Eigentlich ist Michael Hartnett, Chefstratege der Bank of America Merrill Lynch, ein Optimist, wie er im Buche steht: Er rechnet bis in den Frühsommer hinein mit steigenden Aktienkursen, einer Entspannung bei den Anleihenkursen sowie mit einem festeren Dollar.

Und dennoch rät Hartnett Anlegern auf längere Sicht zum Kauf von physischem Gold. Seine Begründung: Ausserordentliche Zeiten erfordern ausserordentliche Massnahmen.

Damit spielt er auf die noch nie zuvor dagewesene Konstellation an den Finanzmärkten an. Seines Erachtens schreien die Zinsen - die bankeigenen Aufzeichnungen zufolge auf dem tiefsten Stand seit 5000 Jahren liegen -, die niedrigsten weltweiten Fiskalausgaben seit 70 Jahren sowie der rekordhohe US-Aktienmarkt geradezu nach Marktexzessen. Der Weg zurück zur Normalität werde holprig und von Manie, Panik und Rückschlägen gepflastert sein.
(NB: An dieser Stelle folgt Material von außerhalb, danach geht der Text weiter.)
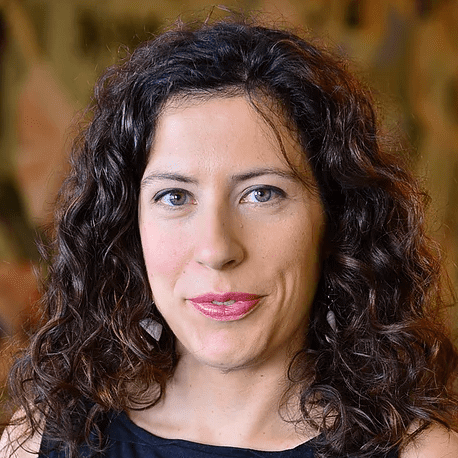 Ana Catarina Pereira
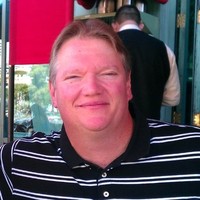 Robert Weinmann Email & Phone Number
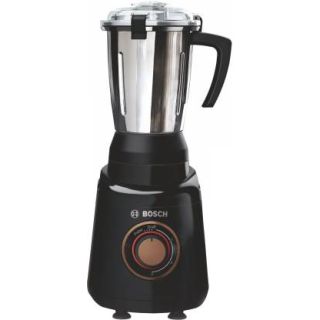 Sujata POWERMATIC PLUS Juicer & Mixer Grinder 110V 900Watts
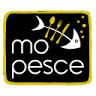 Mo Pesce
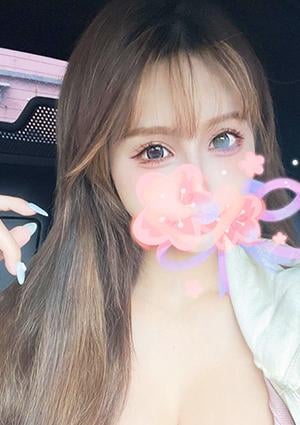 パイナップル ちひろ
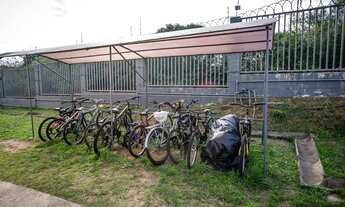 Imagem 3: Condominio Residencial Figuereido Apto AP7934LEDN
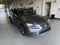 2014 Lexus IS 350 4dr Sdn AWD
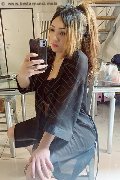 Bologna Trans Escort Rosangela 389 16 86 605 foto selfie 79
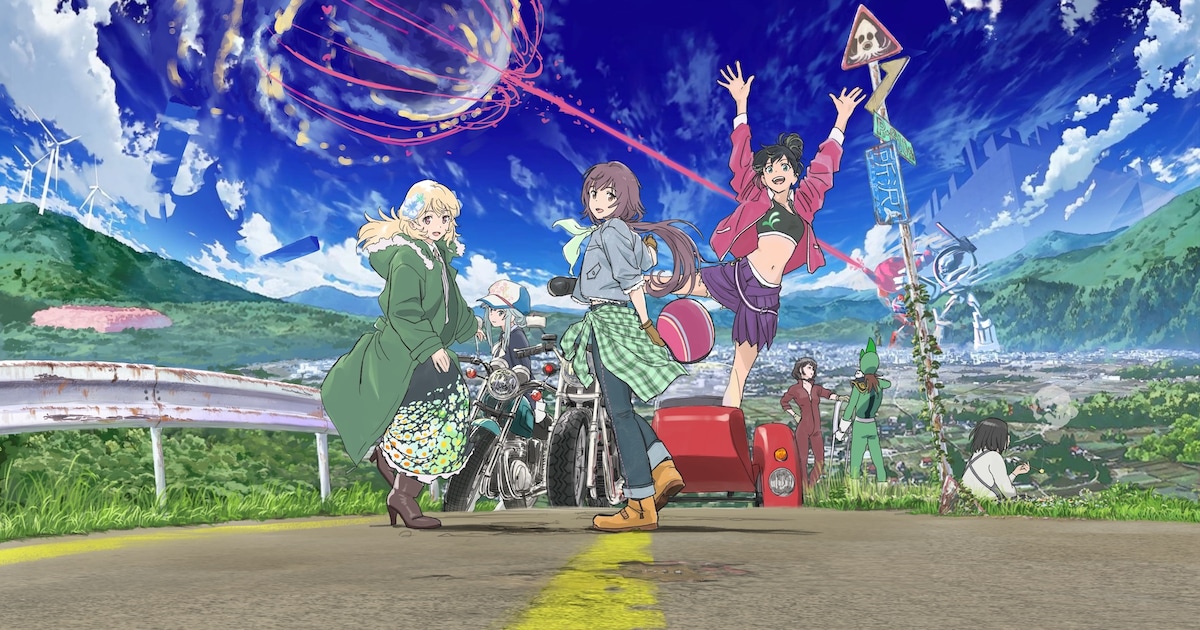 ROLLINGGIRLS_10thVisual.jpg?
Auf Sachwerte setzen - aber nicht auf irgendwelche

In einem von höheren Teuerungs- und Zinserwartungen geprägten Umfeld schneiden Sachwerte für gewöhnlich überdurchschnittlich gut ab. Allerdings sind die Immobilienpreise genauso wie die Aktienkurse bereits stark gestiegen. Dasselbe gilt für einige Rohstoffe. Aus diesem Grund sieht Hartnett die Anleger im krisensicheren Edelmetall besonders gut aufgehoben.

Die Gold-Unze kratzt an den Jahreshöchstständen (Quelle: www.cash.ch)

Sein bei der amerikanischen Investmentbank für Edelmetalle verantwortlicher Arbeitskollege sieht den Goldpreis insbesondere in der zweiten Jahreshälfte steigen. Der von ihm prognostizierte Durchschnittspreis von 1275 Dollar je Unze lässt allerdings darauf schliessen, dass die Bäume zumindest vorerst noch nicht in den Himmel wachsen werden. Denn schon heute liegt der Preis für eine Unze Gold bei 1255 Dollar und damit um gut 8 Prozent über dem Stand von Ende Dezember.

Goldpreis im Bann der zukünftigen US-Geldpolitik

Schon seit Jahren ist eine Wechselwirkung zwischen dem Goldpreis und dem amerikanischen Dollar zu beobachten. Steigt der Dollar, fällt der Goldpreis und umgekehrt. Dieses in der Finanzmarkttheorie auch negative Korrelation genannte Phänomen lässt sich damit erklären, dass Anleger im Edelmetall Schutz vor Teuerung suchen.

Da auch die Zinsen einen Einfluss auf die Entwicklung des Dollar-Kurses haben, entscheidet nicht zuletzt auch die zukünftige US-Geldpolitik über den Goldpreis. Nach drei Leitzinserhöhungen seit Dezember vor zwei Jahren gehen Ökonomen bis Ende 2017 von zwei weiteren Zinsschritten aus. In der jüngeren Vergangenheit ging die US-Notenbank die Sache aber eher gemächlich an, um die wirtschaftliche Belebung nicht zu gefährden.

Die Empfehlung des Chefstrategen der Bank of America Merrill Lynch zum Kauf von Gold ist aber denn auch eher ein längerfristiger Rat und zum Schutz vor Verwerfungen an den Finanzmärkten gedacht. Das würde auch erklären, weshalb er auf das physische Edelmetall und nicht auf die verbriefte Form (z.B. Finanzprodukte auf das Gold) setzt. Bei physischem Gold fällt nämlich das Gegenpartei-Risiko weg.